What you should do:
Please restate word for word the lines of the entries below from the one with "A pregnant woman" to the one with "GOMBA, 8cm - RETRO", inclusive, and leave out every picture.

Data section:
□ □ □

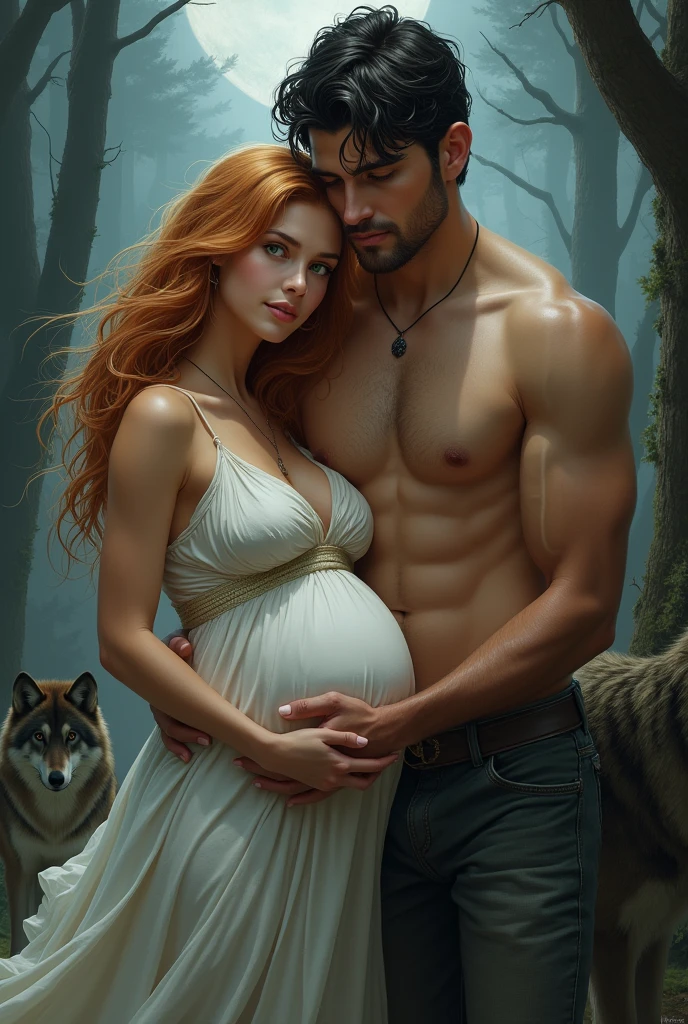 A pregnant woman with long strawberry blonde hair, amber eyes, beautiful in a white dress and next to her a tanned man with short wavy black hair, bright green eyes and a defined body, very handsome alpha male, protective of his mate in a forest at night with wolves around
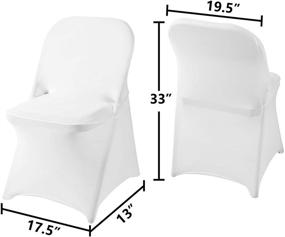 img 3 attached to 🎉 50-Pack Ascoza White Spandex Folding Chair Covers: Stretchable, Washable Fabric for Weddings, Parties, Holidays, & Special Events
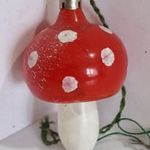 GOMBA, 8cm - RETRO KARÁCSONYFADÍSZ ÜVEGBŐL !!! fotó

□ □ □

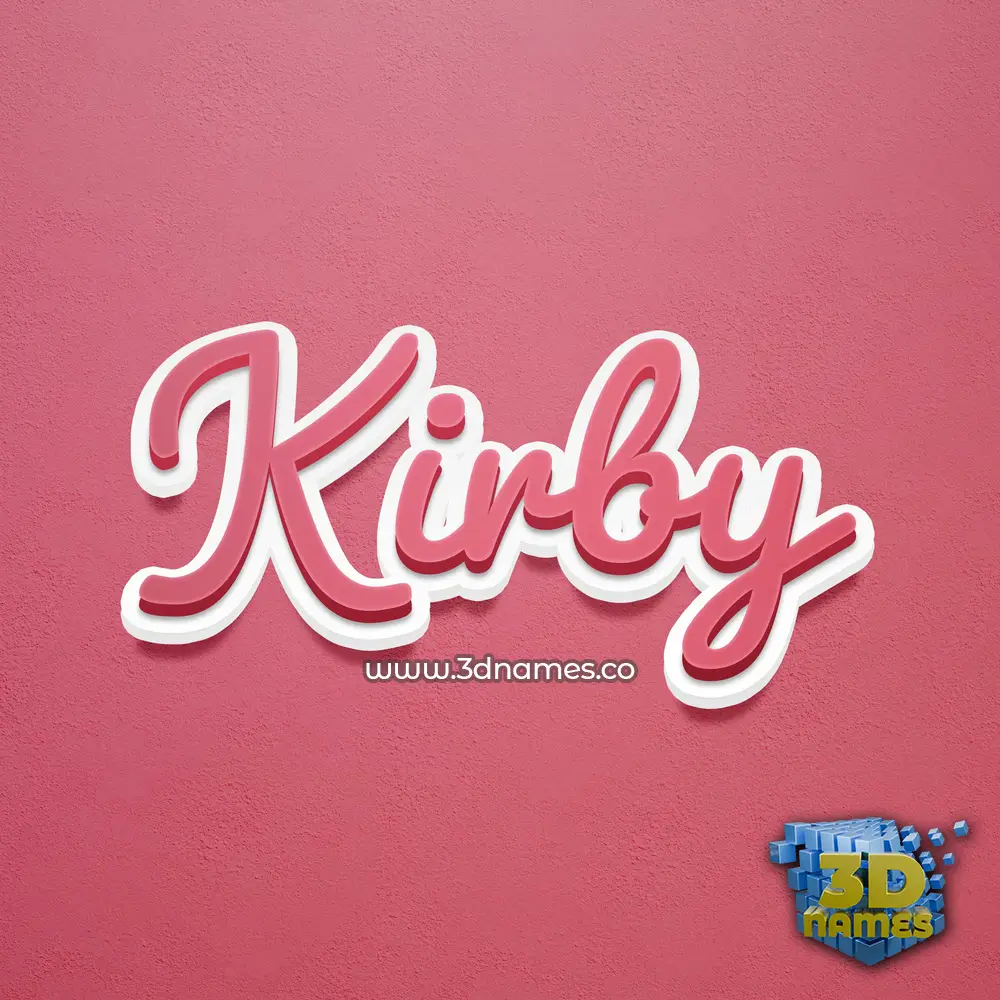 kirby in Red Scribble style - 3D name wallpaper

□ □ □

Problem solution:
 A pregnant woman with long strawberry blonde hair, amber eyes, beautiful in a white dress and next to her a tanned man with short wavy black hair, bright green eyes and a defined body, very handsome alpha male, protective of his mate in a forest at night with wolves around
 img 3 attached to 🎉 50-Pack Ascoza White Spandex Folding Chair Covers: Stretchable, Washable Fabric for Weddings, Parties, Holidays, & Special Events
 GOMBA, 8cm - RETRO KARÁCSONYFADÍSZ ÜVEGBŐL !!! fotó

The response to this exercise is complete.